Cerca

L’ombra del “kahal”. Immaginario antisemita nella Russia dell’Ottocento

Alessandro Cifariello
Roma, Viella, 284 pp., € 28,00

Anno di pubblicazione: 2013

Il kahal è la denominazione dell’istituzione di autogoverno della comunità ebraica
(kehilah) in Polonia nel XVI-XVIII secolo, poi nella Russia zarista tra il 1772 e il 1844.
Il lavoro di Cifariello, slavista di formazione linguistica e letteraria, ne analizza la sopravvivenza
e il mito dopo l’ukaz d’abolizione (19 dicembre 1844) e, soprattutto, dopo la
pubblicazione dei celebri volumi di Brafman (1868, 1869), quando il kahal assume il
significato di «potenza occulta», «società segreta», «direzione centrale ebraica», che governa
nell’ombra per realizzare un progetto di dominazione del mondo e disgregazione
dell’Impero russo (pp. 11-12). Il volume presenta due brevi capitoli introduttivi. Il primo
colloca storicamente l’insorgere, dopo secoli di tradizionale odio antigiudaico, di una
«questione ebraica» in Russia (dalle grandi spartizioni del territorio polacco-lituano alla
formazione di una zona di residenza ebraica) con alcuni cenni al ruolo del funzionariato
nell’elaborazione dei primi stilemi giudeofobi.
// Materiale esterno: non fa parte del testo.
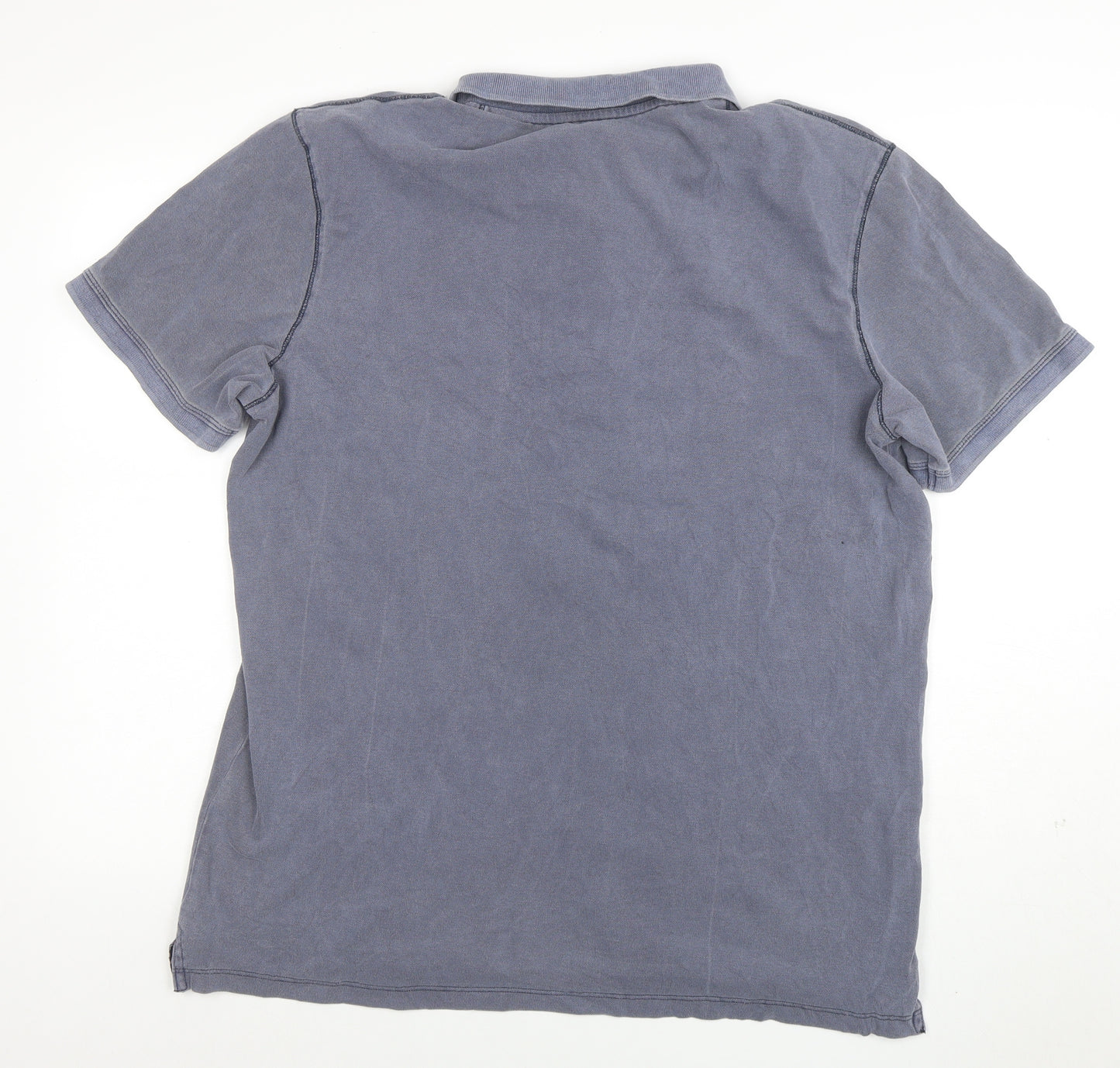 Jack & Jones Mens Blue 2XL Cotton Polo Shirt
Il secondo tratteggia la peculiare quadripartizione
semantica dell’etonima «ebreo» nella cultura russa (žid, evrej, iudej, izrail’tjanin)
e il processo di risemantizzazione che porta l’isoglossa žid ad assumere una connotazione
fortemente peggiorativa; per poi delineare l’evoluzione della figura-stereotipo
dell’ebreo che, dai modelli letterari allogeni ancora presenti in Puškin e Gogol’, inizia a
ricodificarsi, soprattutto a partire dall’opera di Bulgarin, offrendo sempre più sostanza
al pregiudizio autoctono. Richiamate alcune delle principali polemiche in ambito pubblicistico
a partire dal 1848, l’a. propone una pregevole analisi della «subcultura antiebraica
» (cap. 4), studiando la correlazione e coesistenza tra le visioni di una «giudeofobia
oggettiva» (l’ebreo sfruttatore), con l’elaborazione di un mito della colpevolezza e una
funzione maggiore assegnata alla «calunnia del sangue». Esamina quindi le immagini di
una «giudeofobia occulta» (il complotto ebraico), tra i cui mitemi risalta quello del kahal;
e le declinazioni russe di razzismo e antisemitismo, con il non secondario contributo
di Dostoevskij – un’analisi in cui spicca la forte tendenza al sincretismo (significativo il
ruolo di Ljutostanskij: pp. 83-86, 100-105, 112-115). Al centro di un complesso sistema
culturale, che si avvale di «manipolazione», «ricodificazione» e «risemantizzazione» (p.
111), troviamo la belletristica giudeofoba della seconda metà dell’800 (Markevič, Vagner,
Krestovskij, Jasinskij, Efron-Litvin) a cui è consacrata la parte più consistente della ricerca.
Essa rielabora – in un incessante scambio e intreccio – materiali già presenti, oltre che
nella pubblicistica conservatrice, nella letteratura antinichilista, arrivando a una sorta di
ricomposizione delle concezioni (p. 247). Senza sottovalutare la connessione d’idee con
la cultura europea, l’a. propone un quadro convincente del corpus russo di fonti, generi,
modelli, esempi, che andranno a strutturarsi nei Protocolli dei Savi di Sion. Il volume si
distingue per erudizione e lettura testuale, fornendo un fondamentale contributo allo
studio del sistema della calunnia e del discorso d’odio.